Professor Georgina Long AO, Co-Medical Director of Melanoma Institute Australia (MIA) and joint 2024 Australian of the Year, presented the final COMBI-AD results at ASCO.

“This long term follow up data shows significant benefit to be maintained at nearly 10-years, and is likely to be one of the only adjuvant trials in melanoma to show a difference in the overall survival with the use of adjuvant drug therapy,” Professor Long said. “This confirms the impact of dabrafenib and trametinib as a standard therapy in resected stage III melanoma, especially for patients with the BRAF V600E mutation.”

In her oral presentation, she revealed that in the combination arm, the 10-year rate for relapse-free survival was 48%, and for distant metastases-free survival was 63% (compared with 32% and 48% respectively in the placebo arms).

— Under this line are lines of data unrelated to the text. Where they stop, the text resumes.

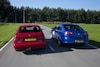 Oud en nieuw - Seat Toledo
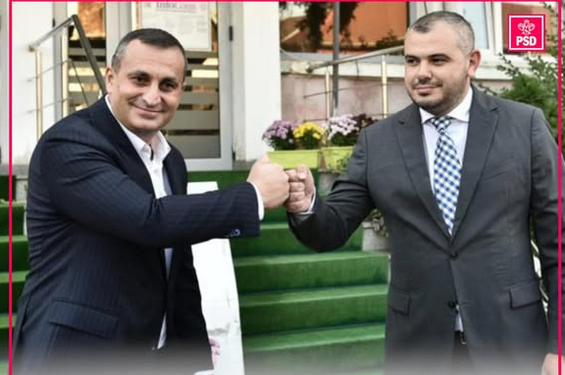 Balsam de Balș: Miracolul de la PNL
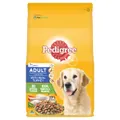 Pedigree 7 Plus Real Turkey Dry Dog Food 3kg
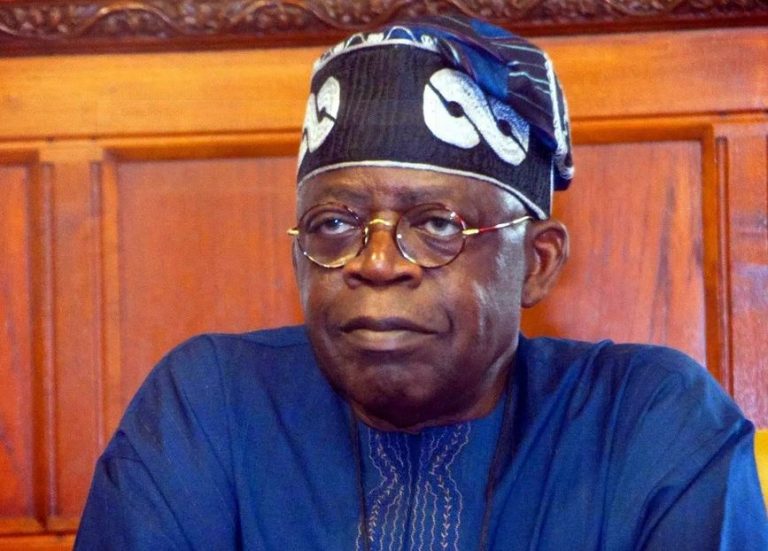 I’m Not Sure Of Another Chance After 2023 General Elections – Tinubu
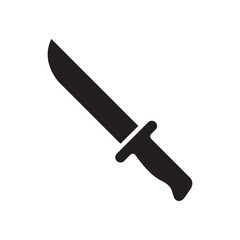 Knife icon vector illustration.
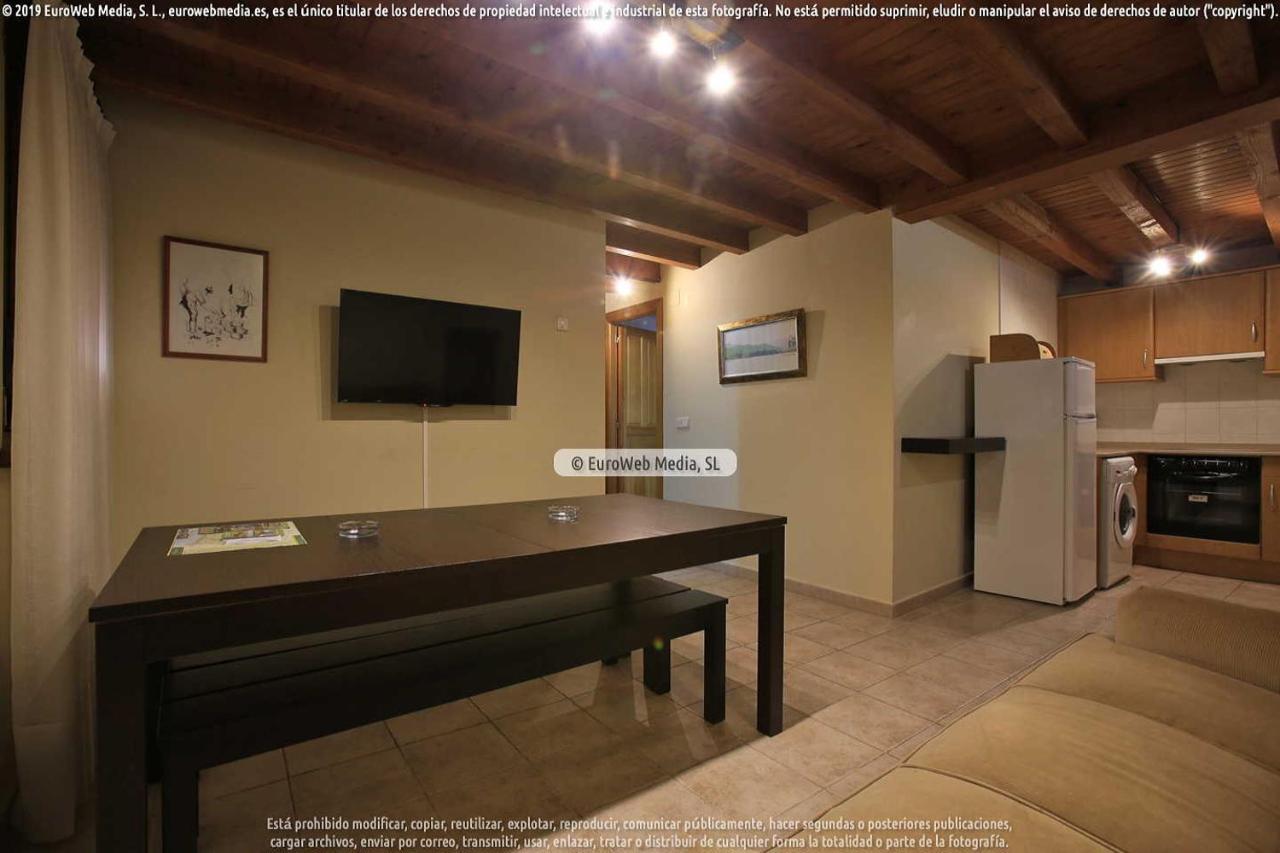 El Puentin Del Sella Con Wifi Y Parking Gratuito Apartment Onís Exterior foto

The first and final analysis for overall survival was also presented, and Tafinlar plus Mekinist reduced the risk of death by 20%. This was reduced even more in those with the BRAF V600E mutation in their melanoma, by 25%.

In a parallel development, BMS’ NADINA trial results were also unveiled at ASCO, marking the first phase III trial to test a neoadjuvant checkpoint inhibitor without chemotherapy and could signal a new standard of care for the treatment of resectable macroscopic stage III melanoma.

Preoperative Opdivo (nivolumab) Plus Yervoy (ipilimumab) followed by lymph node dissection, with adjuvant therapy tailored based on treatment response depth, led to a significant 68% reduction in the risk of disease recurrence or death compared to standard-of-care dissection and adjuvant Opdivo.

Professor Long, who led the Australian arm of the NADINA trial across eight centres, emphasised the implications of these findings. “Combination neoadjuvant immunotherapy should now be considered the new standard for higher-risk Stage III melanoma and should be explored across oncology,” she said.

Professor Shahneen Sandhu led recruitment at Peter Mac and said the results were “transformative for advanced melanoma and will a lead to similar approaches being evaluated in multiple other tumour types.”

Event-free survival was 83.7% in the before-surgery group at 12 months after treatment, compared to 57.2% among patients who had immunotherapy after surgery. Of the 59% of patients achieving a major pathologic response, some were able to avoid adjuvant immunotherapy altogether, limiting their total treatment time to 6 weeks.

Associate Professor Alex van Akkooi from MIA echoed this sentiment, noting, “This trial has flipped the traditional ‘surgery then drugs’ rationale on its head, and melanoma patients across the world will now benefit.”

Professor Long concluded, “Both the COMBI-AD and NADINA trials have been critical in transforming melanoma clinical care, and we are proud that Melanoma Institute Australia and our patients have played a leading role in both trials.”